Thank you for your reply!

Then what about other transformations such as random horizontal flip? Are the originals never used as well?

ptrblck · October 29, 2019, 10:56pm

Random horizontal flip flips the image with the given probability, so with probability p you’ll get the flipped image, with 1-p you’ll get the original image.

Andrew_Wagner · June 5, 2020, 1:27pm

I know this is an old post by now, but doesn’t your code snippet leak the output class to the trainer? i.e. you might make all of the cat pictures light and all of the dog pictures dark, and then the network could learn to identify things based on your augmentation, rather than what’s actually in the picture.

I’m new to pytorch, and came here while googling around to find whether my augmentation should subclass Dataset or Dataloader, so maybe I missed something subtle.

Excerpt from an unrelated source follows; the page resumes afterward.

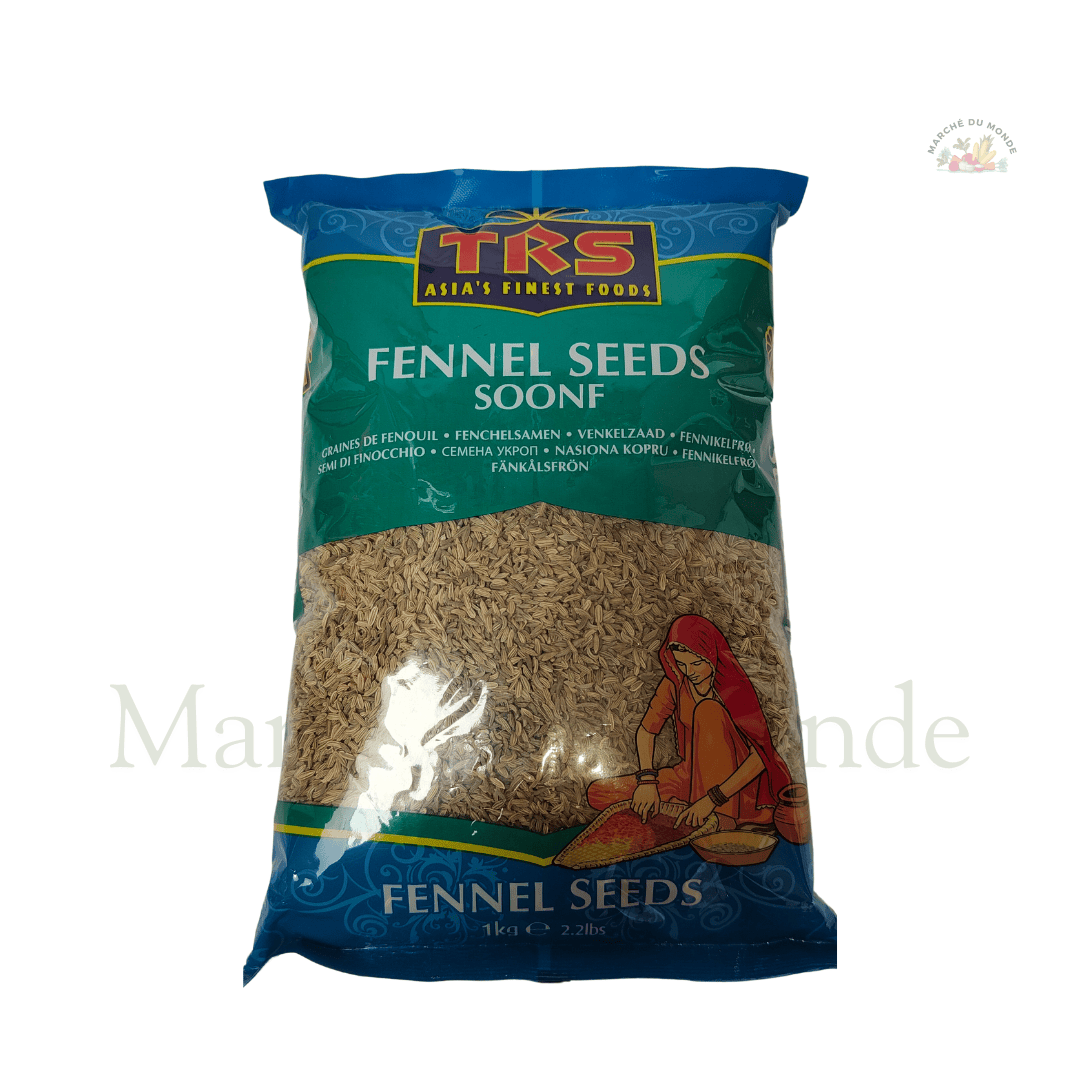 Sachet de 1KG de graines de fenouil entières, épice verte et aromatique pour cuisine et infusion.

ptrblck · June 5, 2020, 11:12pm

Yes, this could be the case and I’m not familiar with @Josiane_Rodrigues’s use case, so she might give you more information on it.

Maybe she is dealing with a custom dataset, which “needs” the different preprocessing steps?

Josiane_Rodrigues · June 6, 2020, 12:38am

Hi @Andrew_Wagner, at the time I hadn’t thought of treating data that way, but it’s a good idea and it can work.

Dipayan_Das · August 1, 2020, 4:54am

This thread has been very helpful in understanding pytorch augmentation. However, i am still lingering with some questions:
~ If I am applying on-the-fly augmentation transforms, then I have to actually wait more number of epochs to cover all the possible transformed images. Is there any custom way of covering all these possible transformed images in one epoch ?
~ Is there a way to set a max_limit on the number of transformed images I want to use in one epoch ? (i.e, if I want to increase the number of back-prop iterations more than len(dataset)//batch_size )

A code-snippet shall be much desired.

Thank you

ptrblck · August 2, 2020, 2:33am

While you could calculate the number of all transformed images for e.g. a random flipping in one dimension (it would just double), this won’t be feasible for other transformations, such as random rotation which work using floating point numbers. The number of “all possible transformed images” could be theoretically calculated, but wouldn’t make much sense as it would be huge.
You could manipulate the length of the Dataset by changing the return value in Dataset.__len__(self).

Xuei · March 11, 2023, 6:43pm

So, if I have 100 images and then transform, 1 epoch is 100, and 2nd epoch is 100 too, but that’s 100 different images because they’ve been transformed?. so I can have 200 different data

ptrblck · March 11, 2023, 7:54pm

No, I wouldn’t call them “different images” since you are only augmenting each sample.
Since random operations would most likely never repeat exactly the same transformation for each sample you would otherwise claim to have an infinite dataset.

Xuei · March 14, 2023, 2:06am

So, if I have 100 images and then transform, 1 epoch is 100, and 2nd epoch is 100 too, but that’s 100 different images because they’ve been transformed?. so I can have 200 different data

ptrblck · March 14, 2023, 5:38am

No, I think your logic is flawed, since I could use a single image, transform it in each iteration and claim I have unlimited samples expecting my model to never overfit.
Transformations augment the data but do not create new data samples.